E-tailers in China have generated plenty of buzz with their flashy ads in the lead-up to the Singles Day shopping gala on Nov 11, but the complexity of some of the promotions have put off even the most avid bargain hunters.
Online shopping platforms such as Tmall, JD.com and Amazon.com have made early starts to build up anticipation ahead of the major event by launching pre-sale activities.
Tmall, an online platform of e-commerce giant Alibaba Group Holding Ltd, is attracting customers by dishing out promotions on more than 15 million products from 140,000 brands on its marketplace. The company will also up the ante in its social media efforts by providing more interactive content and entertainment, said Daniel Zhang, CEO of Alibaba.
For instance, Tmall has organized a catwalk show featuring major brands such as Adidas, Estee Lauder and Victoria's Secret that is broadcast across several media platforms. Consumers who are interested in a product that is currently on the ramp can shake their phones, and this action prompts the system to bring up the product page on the screen.

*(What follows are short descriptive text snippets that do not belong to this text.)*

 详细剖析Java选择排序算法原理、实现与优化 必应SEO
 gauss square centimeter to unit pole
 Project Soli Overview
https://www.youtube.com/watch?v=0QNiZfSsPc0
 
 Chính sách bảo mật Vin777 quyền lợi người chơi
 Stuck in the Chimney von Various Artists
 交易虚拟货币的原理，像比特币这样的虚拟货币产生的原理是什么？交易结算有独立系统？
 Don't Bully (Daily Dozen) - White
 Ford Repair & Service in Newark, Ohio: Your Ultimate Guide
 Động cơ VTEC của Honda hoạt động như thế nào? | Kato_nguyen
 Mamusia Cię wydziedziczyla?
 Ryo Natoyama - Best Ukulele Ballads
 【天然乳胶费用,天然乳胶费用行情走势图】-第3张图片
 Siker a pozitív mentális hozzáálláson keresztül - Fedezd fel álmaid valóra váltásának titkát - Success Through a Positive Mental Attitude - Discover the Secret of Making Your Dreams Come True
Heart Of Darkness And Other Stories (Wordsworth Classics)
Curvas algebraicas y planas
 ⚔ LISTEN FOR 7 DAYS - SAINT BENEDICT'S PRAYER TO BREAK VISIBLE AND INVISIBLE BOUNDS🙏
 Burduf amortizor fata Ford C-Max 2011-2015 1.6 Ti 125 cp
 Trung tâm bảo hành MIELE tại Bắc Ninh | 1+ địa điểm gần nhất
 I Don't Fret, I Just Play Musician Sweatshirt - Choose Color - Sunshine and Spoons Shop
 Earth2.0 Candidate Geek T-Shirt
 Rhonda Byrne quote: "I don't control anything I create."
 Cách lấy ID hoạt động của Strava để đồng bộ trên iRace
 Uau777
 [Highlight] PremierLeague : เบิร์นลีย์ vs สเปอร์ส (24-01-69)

Other e-commerce companies are also drumming up the shopping bonanza by expanding the selections of overseas products to Chinese consumers. Amazon.com Inc said it will expand the selections of its products in Amazon Global store, as well as speed up the logistics and delivery operations. JD.com Inc said its Nov 11 global shopping Festival will cover more than 200 countries and regions this year.
However, the type of promotions that have left many consumers annoyed are those that require a down payment or involve redeeming virtual coupons.
In many cases, customers are encouraged to place a deposit at least three days ahead of the actual sales, because such deposits will also function as a discount. For instance, a 100 yuan ($15.09) deposit would result in a 200 yuan discount or more when the transaction is processed on Nov 11. Some shopping sites have also distributed cash incentives hidden in virtual red packets during specific periods.
Some online vendors have even resorted to creating the illusion of a discount by deliberately raising the original prices of their products before slashing them.
"Even if you don't mind being tethered to your laptop for that 50-yuan discount coupon, online traffic can overwhelm sites during peak time, causing them to crash," said Chen Ziwen, the mother of a 1-year-old child in Shanghai who has been busy shopping for infant formula. "And by the time the site is back up, all the coupons have already been snatched up."
The purpose of the deposit is for merchants to predict sales so as to avoid delivery congestion. But these tactics have caused customer experience to suffer, deterring notably wealthier customers, said Shaun Rein, founder and managing director of China Market Research Group.
Nearly 80 percent of consumers polled by Nielsen said they are most intrigued by the Nov 11 sales, with more people looking to try out new items instead of simply bagging a bargain, according to Tommy Hong, vice-president of Nielsen China, a market research firm.